[Date Prev] | [Thread Prev] | [Thread Next] | [Date Next] -- [Date Index] | [Thread Index] | [List Home]
Subject: RE: Re: subFs value and spaces (item 142) - not an official ballot, but please vote (straw poll?)
In general, XSLT is philosophically obligated to create well-formed output. Since we cannot validate the escaped XML prior to processing it, if we were to try to transform escaped XML into real XML in the output stream, we would have no way to ensure that the result would be well formed.
XSLT 1.0 allowed a way around this, disable-output-escaping. But, rightfully so, in XSLT 2.0 they deprecated it (http://www.w3.org/TR/xslt20/#disable-output-escaping). Some XSLT processors still support it, but the spec does not require them to. Hence the reluctance for XML developers to support escaped XML in the input as a means to generate real XML in the output. I hope this sheds a little light on my dogmatic opinions over the years.

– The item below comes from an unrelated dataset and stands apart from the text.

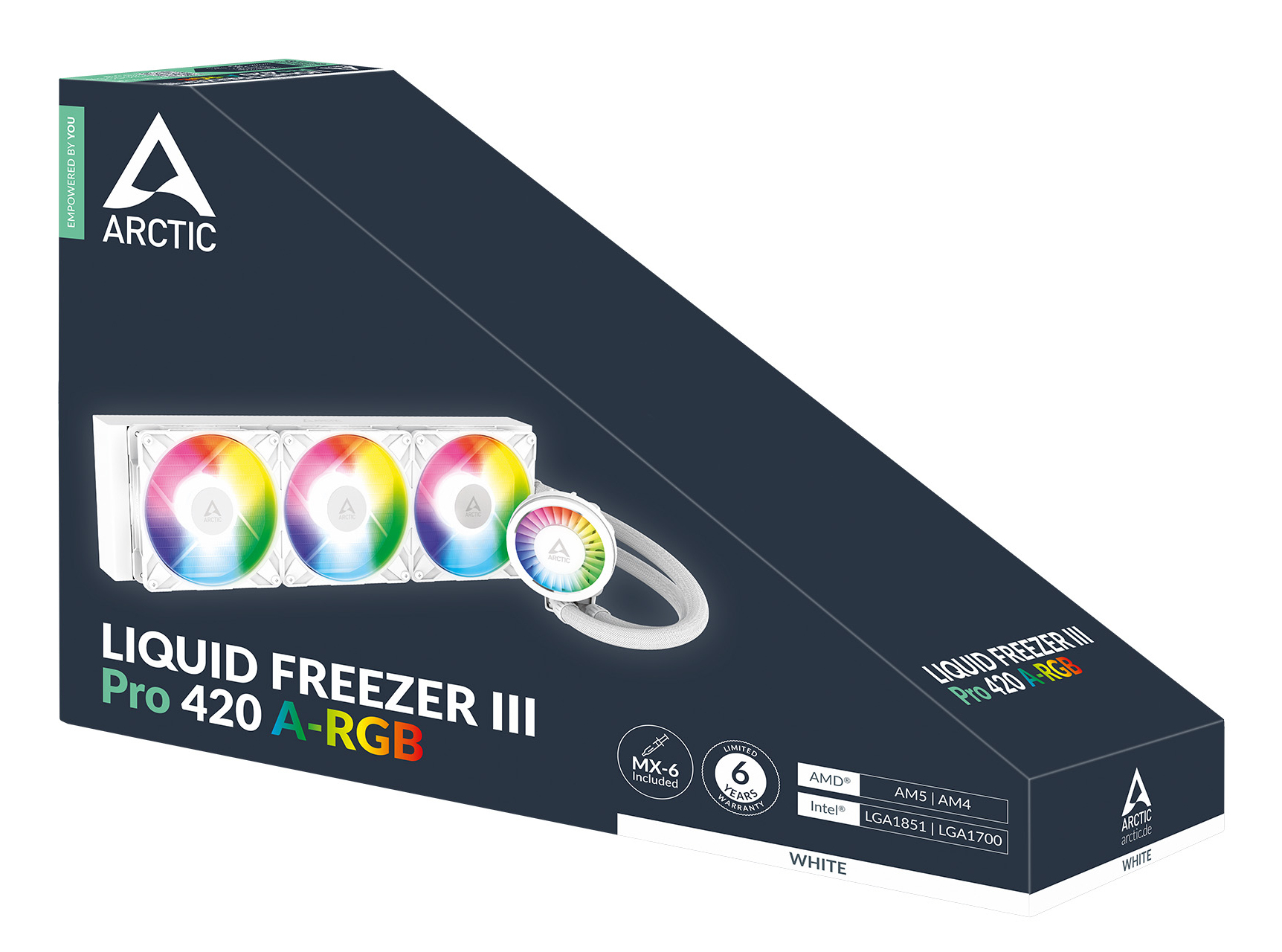 ARCTIC Liquid Freezer III Pro 420 A-RGB AIO-Wasserkühlung Weiß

Also, thanks for pointing out that by allowing escaped whole elements in @fs we’d lose our constraint. I think that is huge. Without that constraint we would risk writers introducing non-HTML elements via @fs. I see your point that they can already introduce non-HTML attributes. However we do have processing requirements that prevent that.
Ps, do I understand your vote in the straw poll to be for (1)? Or is it a non-vote?

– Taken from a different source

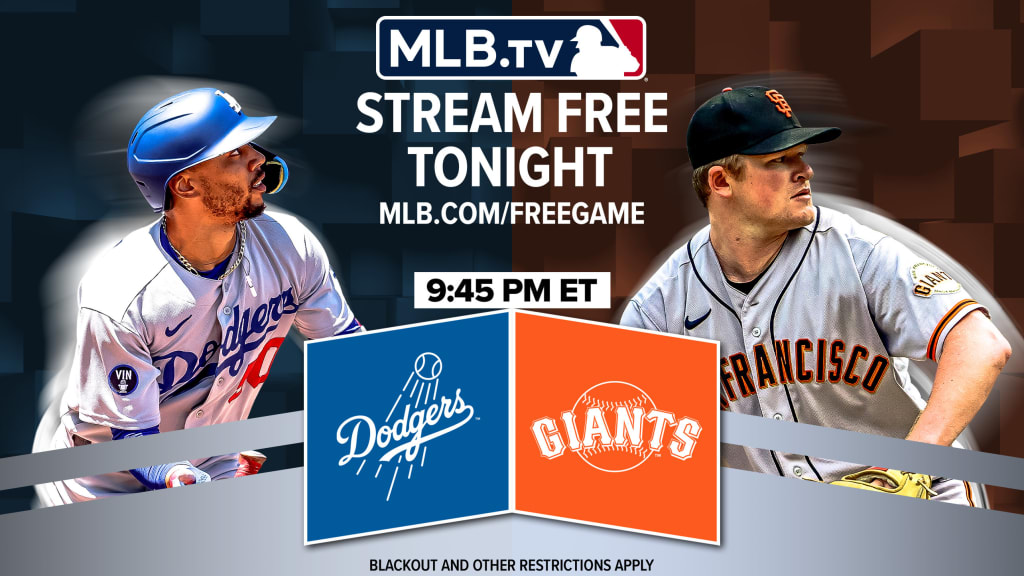 Dodgers, Giants meet in Free Game of the Day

Thanks for reminding me the choice for subFs. It’s ok with me if we go that way. I was just wondering if using separate attributes was not making the work harder.
There are consideration in favors of subFs, but they are not strong:
- without it you have to derive the closing tag from the opening one (or introduce startFs/endFs)

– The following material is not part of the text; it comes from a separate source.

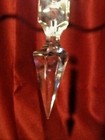 Vintage Cut Crystal 6  Spear-form Prisms  7  With Top Jewel 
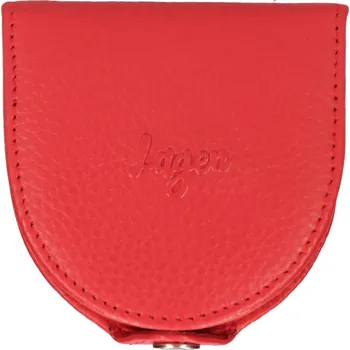 Peněženka Kožený mincovník Lagen Aurore - červená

- without it we cannot constraint what goes in fs anymore (but then that’s already happening subFs).
As for the escaping the content in a potential fs with the whole tag: I’m not sure I understand your reluctance here. It’s not like you have any choice. < and & (and " or ') must be escaped as part of the XML syntax, not any XLIFF specific choice.
Why is it a problem? Doesn’t an XSLT processor give you the normal text content when you want it? A DOM engine would give me the value of fs="<&apos>" as "<&>".
I now realize that it would be easy to not notice that I continue my explanation of the two options, and make my request for participation in a straw poll, at the end of Yves’ note (past the second set of +++++++++++++++++++++++++). Please read beyond Yves’ note to see the whole explanation.
Of if that was already clear to you, sorry for the extra email.
Regarding: item 142: https://lists.oasis-open.org/archives/xliff-comment/201310/msg00031.html - I guess it comes down to (1) keeping the subFs and adding a delimiter between attribute name/value pairs, or (2) eliminating @subFs and adding escaped XML to @fs.
The definition of subFs says:
The subFs MUST only be used to carry attribute name/value comma-delimited pairs for attributes that are valid for the HTML element
identified by the accompanied fs attribute.
Example: fs:fs="img" fs:subFs="src,smileface.png"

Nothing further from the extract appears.